Reproduce the first line of the entries that follow and each later line, word for word, ending with the one containing "9 Woodpeckers in".

Brief descriptive captions
------------------------------------------------------------

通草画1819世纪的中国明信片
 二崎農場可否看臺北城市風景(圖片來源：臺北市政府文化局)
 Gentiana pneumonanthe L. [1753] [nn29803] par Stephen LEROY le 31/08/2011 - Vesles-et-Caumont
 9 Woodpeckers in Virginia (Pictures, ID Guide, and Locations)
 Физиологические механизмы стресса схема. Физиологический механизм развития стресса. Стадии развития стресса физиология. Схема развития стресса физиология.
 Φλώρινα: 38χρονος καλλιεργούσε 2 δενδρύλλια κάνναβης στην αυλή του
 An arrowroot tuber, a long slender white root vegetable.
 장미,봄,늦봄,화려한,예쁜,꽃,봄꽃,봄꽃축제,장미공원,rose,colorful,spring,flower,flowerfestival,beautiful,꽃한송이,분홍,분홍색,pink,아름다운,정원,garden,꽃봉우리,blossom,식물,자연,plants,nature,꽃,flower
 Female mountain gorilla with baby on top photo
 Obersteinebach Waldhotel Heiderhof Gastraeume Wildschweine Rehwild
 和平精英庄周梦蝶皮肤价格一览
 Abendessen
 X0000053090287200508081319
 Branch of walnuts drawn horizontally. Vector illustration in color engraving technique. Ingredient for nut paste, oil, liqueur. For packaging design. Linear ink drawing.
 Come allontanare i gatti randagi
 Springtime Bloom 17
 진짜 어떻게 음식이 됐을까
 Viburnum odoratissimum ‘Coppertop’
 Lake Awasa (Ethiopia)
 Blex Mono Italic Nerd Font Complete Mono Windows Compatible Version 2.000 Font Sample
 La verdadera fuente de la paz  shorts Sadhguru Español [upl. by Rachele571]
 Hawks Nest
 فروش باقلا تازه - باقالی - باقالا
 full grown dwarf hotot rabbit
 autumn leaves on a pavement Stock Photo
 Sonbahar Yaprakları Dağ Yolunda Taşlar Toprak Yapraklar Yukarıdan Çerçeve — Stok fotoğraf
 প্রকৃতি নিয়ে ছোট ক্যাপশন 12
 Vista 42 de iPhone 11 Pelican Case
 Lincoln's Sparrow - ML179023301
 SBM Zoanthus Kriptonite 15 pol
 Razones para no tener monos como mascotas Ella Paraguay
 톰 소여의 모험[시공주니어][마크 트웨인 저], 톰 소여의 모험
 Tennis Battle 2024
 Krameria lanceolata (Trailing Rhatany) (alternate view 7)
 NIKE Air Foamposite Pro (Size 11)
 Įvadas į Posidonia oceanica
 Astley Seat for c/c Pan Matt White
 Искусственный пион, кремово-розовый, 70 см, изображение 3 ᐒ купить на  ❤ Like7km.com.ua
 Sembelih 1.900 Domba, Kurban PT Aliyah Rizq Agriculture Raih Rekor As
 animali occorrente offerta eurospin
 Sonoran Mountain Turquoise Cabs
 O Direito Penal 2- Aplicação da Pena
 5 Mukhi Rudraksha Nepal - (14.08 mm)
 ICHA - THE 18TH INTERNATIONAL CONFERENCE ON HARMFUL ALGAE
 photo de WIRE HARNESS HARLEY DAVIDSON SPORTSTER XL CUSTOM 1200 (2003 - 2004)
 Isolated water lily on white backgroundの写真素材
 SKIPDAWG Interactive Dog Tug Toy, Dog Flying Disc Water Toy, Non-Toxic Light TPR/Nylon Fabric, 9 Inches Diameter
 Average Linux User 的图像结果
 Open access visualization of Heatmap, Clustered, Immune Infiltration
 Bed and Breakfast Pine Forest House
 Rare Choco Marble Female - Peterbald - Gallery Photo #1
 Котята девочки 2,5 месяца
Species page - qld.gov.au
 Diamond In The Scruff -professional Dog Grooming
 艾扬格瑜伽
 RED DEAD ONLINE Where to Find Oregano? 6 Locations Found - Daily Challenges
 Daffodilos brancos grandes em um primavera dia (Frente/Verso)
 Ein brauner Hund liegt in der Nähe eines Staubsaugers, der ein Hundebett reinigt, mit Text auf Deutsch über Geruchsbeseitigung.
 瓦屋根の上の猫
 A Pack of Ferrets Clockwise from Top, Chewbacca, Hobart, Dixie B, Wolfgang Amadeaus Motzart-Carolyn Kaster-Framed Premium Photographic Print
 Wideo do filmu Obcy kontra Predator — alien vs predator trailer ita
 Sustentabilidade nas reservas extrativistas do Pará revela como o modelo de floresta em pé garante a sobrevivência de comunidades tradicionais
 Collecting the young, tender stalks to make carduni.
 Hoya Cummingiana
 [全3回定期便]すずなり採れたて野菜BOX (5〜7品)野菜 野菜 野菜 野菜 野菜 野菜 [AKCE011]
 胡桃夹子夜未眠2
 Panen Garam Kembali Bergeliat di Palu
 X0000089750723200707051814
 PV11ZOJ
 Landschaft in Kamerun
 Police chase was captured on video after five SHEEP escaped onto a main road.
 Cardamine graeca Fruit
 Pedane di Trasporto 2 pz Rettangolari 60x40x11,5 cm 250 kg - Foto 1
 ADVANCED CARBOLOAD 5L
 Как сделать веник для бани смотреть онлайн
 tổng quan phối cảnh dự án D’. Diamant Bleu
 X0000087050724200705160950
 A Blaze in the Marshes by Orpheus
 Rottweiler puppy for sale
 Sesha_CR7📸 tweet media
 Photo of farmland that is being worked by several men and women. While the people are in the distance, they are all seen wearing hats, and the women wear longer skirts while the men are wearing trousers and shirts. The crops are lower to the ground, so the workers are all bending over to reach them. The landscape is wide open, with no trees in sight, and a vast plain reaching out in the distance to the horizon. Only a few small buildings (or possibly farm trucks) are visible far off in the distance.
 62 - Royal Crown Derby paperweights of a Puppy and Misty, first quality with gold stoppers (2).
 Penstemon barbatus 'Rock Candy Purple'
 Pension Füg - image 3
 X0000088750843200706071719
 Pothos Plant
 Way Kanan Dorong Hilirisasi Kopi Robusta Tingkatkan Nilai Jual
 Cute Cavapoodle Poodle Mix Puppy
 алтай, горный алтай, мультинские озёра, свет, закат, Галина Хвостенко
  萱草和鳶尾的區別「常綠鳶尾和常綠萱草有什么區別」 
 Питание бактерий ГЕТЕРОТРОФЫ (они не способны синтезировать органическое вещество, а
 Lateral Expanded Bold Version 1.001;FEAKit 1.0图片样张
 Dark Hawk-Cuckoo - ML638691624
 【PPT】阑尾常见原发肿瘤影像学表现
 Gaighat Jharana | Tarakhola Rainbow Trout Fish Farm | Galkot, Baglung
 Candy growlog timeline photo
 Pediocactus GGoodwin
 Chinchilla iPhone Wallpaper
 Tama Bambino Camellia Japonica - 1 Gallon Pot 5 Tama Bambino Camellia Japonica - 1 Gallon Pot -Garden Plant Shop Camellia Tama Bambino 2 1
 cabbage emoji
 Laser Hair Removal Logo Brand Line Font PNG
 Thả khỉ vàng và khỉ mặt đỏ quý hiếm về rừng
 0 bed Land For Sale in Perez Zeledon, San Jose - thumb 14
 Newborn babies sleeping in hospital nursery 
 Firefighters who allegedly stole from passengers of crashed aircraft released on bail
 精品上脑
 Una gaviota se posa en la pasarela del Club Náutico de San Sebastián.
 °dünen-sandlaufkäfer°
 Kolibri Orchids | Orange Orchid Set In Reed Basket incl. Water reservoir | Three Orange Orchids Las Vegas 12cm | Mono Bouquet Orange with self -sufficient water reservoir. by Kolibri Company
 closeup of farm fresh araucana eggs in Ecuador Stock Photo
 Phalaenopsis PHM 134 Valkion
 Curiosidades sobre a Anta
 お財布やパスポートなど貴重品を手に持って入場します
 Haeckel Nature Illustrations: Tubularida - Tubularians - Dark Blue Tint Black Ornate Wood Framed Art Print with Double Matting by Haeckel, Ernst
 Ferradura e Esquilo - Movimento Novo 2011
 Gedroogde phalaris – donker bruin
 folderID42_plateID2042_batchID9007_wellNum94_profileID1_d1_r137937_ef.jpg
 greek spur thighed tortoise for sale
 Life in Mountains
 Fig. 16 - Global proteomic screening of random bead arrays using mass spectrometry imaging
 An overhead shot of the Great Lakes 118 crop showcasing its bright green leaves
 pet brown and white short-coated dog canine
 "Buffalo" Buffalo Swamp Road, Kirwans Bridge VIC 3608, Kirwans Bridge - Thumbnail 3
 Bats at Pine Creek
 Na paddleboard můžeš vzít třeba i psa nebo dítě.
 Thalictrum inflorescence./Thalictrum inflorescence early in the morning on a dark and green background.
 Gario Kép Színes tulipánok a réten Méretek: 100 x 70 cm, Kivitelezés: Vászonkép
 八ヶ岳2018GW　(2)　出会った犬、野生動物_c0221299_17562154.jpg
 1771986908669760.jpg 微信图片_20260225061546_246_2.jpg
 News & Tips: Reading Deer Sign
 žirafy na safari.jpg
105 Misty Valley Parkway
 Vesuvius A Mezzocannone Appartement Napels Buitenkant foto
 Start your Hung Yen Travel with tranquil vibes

------------------------------------------------------------

● Response
通草画1819世纪的中国明信片
 二崎農場可否看臺北城市風景(圖片來源：臺北市政府文化局)
 Gentiana pneumonanthe L. [1753] [nn29803] par Stephen LEROY le 31/08/2011 - Vesles-et-Caumont
 9 Woodpeckers in Virginia (Pictures, ID Guide, and Locations)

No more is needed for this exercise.